# July Pool Party



## shroomgirl (Aug 11, 2000)

50 guests, outdoor, end of July.....

Aps, dinner buffet, interesting food....suggestions?


----------



## kuan (Jun 11, 2001)

Grill some fish kebabs?

I know.  Not very interesting.


----------



## chefedb (Apr 3, 2010)

Suckling pig  (boned and stuffed) on a spit    . apple, almond and pork stuffing    yum yum


----------



## chefbillyb (Feb 8, 2009)

Mu Shu Pork W/ Mandarin Pancakes, Mini crab cakes W/ lemon Dill Aioli, fried stuffed zucchini blossoms

 Cedar plank Baked King Salmon, Korean Kalbi Ribs, with an array of fresh sauteed vegetables, rice dish and salads.


----------



## thegardenguru (Dec 4, 2009)

Apps:  grilled spicy drumettes

           insalata Caprese skewers

           chicken satay

           grilled eggplant babganoush

           grilled potato wedges with three sauces

           grilled prosciutto-wrapped asparagus

Salad:  grilled shrimp and mango salad

           bbq-roasted potato salad

           Asian-style coleslaw

           hot asparagus and tomato salad

Meat:   lamb tandoori skewers

           clam bake (east coast or west coast style)

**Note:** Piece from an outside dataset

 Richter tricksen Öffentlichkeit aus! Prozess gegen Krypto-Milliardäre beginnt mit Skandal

           char siu (Chinese bbq pork/skewered)

           grill-smoked salmon

           panceta-wrapped shrimp          

Veggies: grilled and cold-marinated veggie platter

              baked beans with apricots

              grilled portobellos

              grill-finished artichokes

              grilled Vidalias

Desserts:  grilled figs and peaches with mascarpone-marsala sauce

                fruit kebabs with lime-and-ginger yogurt

Joe


----------



## shroomgirl (Aug 11, 2000)

Thanks guys.....now another twist "local" food, Midwest.....

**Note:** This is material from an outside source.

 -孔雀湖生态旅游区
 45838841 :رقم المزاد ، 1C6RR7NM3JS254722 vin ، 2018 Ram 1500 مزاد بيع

end of July you can expect:

tomatoes, all kinds of squash, melons, peaches, apricots maybe, figs, eggplant, potatoes (fingerlings too, lots of herbage, pork, lamb, chicken, beef is outrageous, trout, cukes, summer apples, peppers, green beans, cabbages..., sprouts (radish, sunflower, etc), eggs, chevres...aged and fresh...including blue, plums, onions including torpedo, maybe celery...bet I'm leaving many things out but you get the jist.


----------